Eppure la via da seguire sarebbe semplice, se l'Italia fosse diversa.
Le nostre missioni militari, anche ora che incombe la scadenza del rifinanziamento, vanno valutate e giudicate separatamente. Il governo in carica ha ottime motivazioni per decidere in piena coerenza il ritiro dall'Iraq, e tacciarlo di anti-americanismo significa ignorare quel che pensa la grande maggioranza degli americani, oltre a quella, più importante, degli italiani. Presa la decisione essa deve valere anche nei confronti di eventuali malumori Usa. In Afghanistan si deve rimanere per le più volte ricordate differenze che intercorrono tra la missione a Kabul e quella a Nassiriya (differenze che la «sinistra antagonista» sembra non considerare).

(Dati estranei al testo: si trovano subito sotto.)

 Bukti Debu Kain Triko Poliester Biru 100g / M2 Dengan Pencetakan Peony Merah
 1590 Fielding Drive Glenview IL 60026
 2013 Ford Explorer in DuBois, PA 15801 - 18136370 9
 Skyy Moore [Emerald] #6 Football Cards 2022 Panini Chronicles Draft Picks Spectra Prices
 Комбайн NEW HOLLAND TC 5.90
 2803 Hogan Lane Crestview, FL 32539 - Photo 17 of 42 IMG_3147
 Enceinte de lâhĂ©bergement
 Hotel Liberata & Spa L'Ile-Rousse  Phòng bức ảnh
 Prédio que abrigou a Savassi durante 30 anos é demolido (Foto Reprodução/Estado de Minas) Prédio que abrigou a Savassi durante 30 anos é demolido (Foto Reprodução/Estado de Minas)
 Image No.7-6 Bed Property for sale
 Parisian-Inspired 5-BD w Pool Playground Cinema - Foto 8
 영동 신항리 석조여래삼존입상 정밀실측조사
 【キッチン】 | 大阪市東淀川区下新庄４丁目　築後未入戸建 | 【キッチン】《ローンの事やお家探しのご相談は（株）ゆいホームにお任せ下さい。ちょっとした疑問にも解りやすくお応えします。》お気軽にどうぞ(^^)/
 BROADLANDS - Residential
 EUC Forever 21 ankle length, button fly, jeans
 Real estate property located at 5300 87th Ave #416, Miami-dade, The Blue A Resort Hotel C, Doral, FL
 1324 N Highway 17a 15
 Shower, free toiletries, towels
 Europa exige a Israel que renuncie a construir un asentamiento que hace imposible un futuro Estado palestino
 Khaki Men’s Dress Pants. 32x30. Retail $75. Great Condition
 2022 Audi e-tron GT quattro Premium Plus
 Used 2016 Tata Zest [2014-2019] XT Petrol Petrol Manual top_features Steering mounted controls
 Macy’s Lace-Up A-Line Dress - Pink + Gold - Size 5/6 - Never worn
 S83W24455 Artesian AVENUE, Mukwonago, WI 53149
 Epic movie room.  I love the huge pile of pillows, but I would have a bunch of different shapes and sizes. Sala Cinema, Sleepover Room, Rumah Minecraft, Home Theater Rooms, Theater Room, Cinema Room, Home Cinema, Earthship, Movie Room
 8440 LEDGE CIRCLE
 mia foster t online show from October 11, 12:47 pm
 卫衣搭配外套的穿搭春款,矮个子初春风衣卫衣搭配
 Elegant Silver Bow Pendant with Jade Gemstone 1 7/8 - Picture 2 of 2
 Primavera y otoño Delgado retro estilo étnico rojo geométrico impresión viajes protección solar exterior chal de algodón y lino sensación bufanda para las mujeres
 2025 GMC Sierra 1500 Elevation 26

Il Segretario della Nato fa il suo mestiere chiedendo l'invio in Afghanistan di aerei e forze speciali, la risposta italiana deve essere sovrana e ispirata da considerazioni operative. Nei Balcani svolgiamo l'unica autentica missione di pace, che di certo non va revocata.
Semplice? Forse no, dal momento che la politica italiana non sembra in grado di identificare senza tormenti i nostri interessi nazionali. Ma proprio per questo, e per evitare che i nostri soldati abbiano anch'essi un braccio pericolosamente legato dietro la schiena, il governo deve farsi carico di risolvere nella chiarezza le sue contraddizioni. Mentre l'opposizione — chiediamo troppo? — deve rinunciare alla sua demagogia da campagna elettorale permanente.